The message about breaking the rules begs the question. Do you want to follow a script—or write your own story?
Read to acquire new skills
Do you ever wish you had creative superpowers? I do. Problem-solving skills will continue to rise in demand in all professions and roles. Creative Superpowers will help you re-learn key traits often forgotten from childhood, such as adaptability, curiosity, empathy and fearlessness.
Not all advice on creativity fits one category neatly. The book format is use cases.
Want to be Great at Work? Work less, and achieve more. Do as top performers do. I confess that I'm suffering from self-improvement conversation fatigue. What's wrong with self-authoring? Why not choose to be deliberate about the choices we make every day instead of trying to "fix" ourselves?
Improvement comes from action — the things we do with our hands. I was pleased to come across a book with simple suggestions on the things we already do... so we can do them better.
Read to figure things out
In business, we talk a lot about beginnings - how to get started well is important. We also talk about endings - success stories, exit strategies... But we don't talk enough about The Messy Middle. That's where all the problems are!
No extraordinary journey is linear. In reality, the middle is extraordinarily volatile — a continuous sequence of ups and downs, flush with uncertainty and struggle. Every advance reveals a new shortcoming. Your job is to endure the lows and optimize the highs to achieve a positive slope within the jaggedness of the messy middle — so that, on average, every low is less low than the one before it, and every subsequent high is a little higher.

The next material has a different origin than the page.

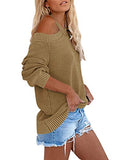 Women Oversize Sweater Long Sleeve Casual Knitted Jumper Tops Batwing Sleeve Pullovers | Original Brand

It sounds like something we can all use, doesn't it? If this sounds good to you, the book is a pre-order for October, 2018. The next book is coming out in a week.
We live in a world that venerates the new, bright, and shiny. Many of us are left feeling invisible, undervalued, and threatened by "digital natives" (perception is reality). Wisdom@Work is an argument of experience making a comeback.
Because at a time when power is shifting younger, companies are finally waking up to the value of the humility, emotional intelligence, and wisdom that come with age. While digital skills have only the shelf life of the latest fad or gadget, the human skills that mid-career workers possess — good judgment, specialized knowledge, and the ability to collaborate and coach — never expire.
Read to rethink
We misidentify taking with making, and have lost sight of what value really means. This is the powerful premise of a book not out in the U.S. yet, but worth considering — The Value of Everything. Mariana Mazzucato says we need to rethink where wealth comes from:
While wealth is created through a collective effort, the massive imbalance in the distribution of the gains from economic growth has often been more the result of wealth extraction, whose potential scale globalization has greatly magnified. [...]
I will argue that the way the word ‘value’ is used in modern economics has made it easier for value-extracting activities to masquerade as value-creating activities. And in the process rents (unearned income) get confused with profits (earned income); inequality rises, and investment in the real economy falls. What’s more, if we cannot differentiate value creation from value extraction, it becomes nearly impossible to reward the former over the latter. If the goal is to produce growth that is more innovation-led (smart growth), more inclusive and more sustainable, we need a better understanding of value to steer us.
Value development and value communication are distinct, connected, and necessary parts of business. One draws from and feeds the other in a continuous conversation.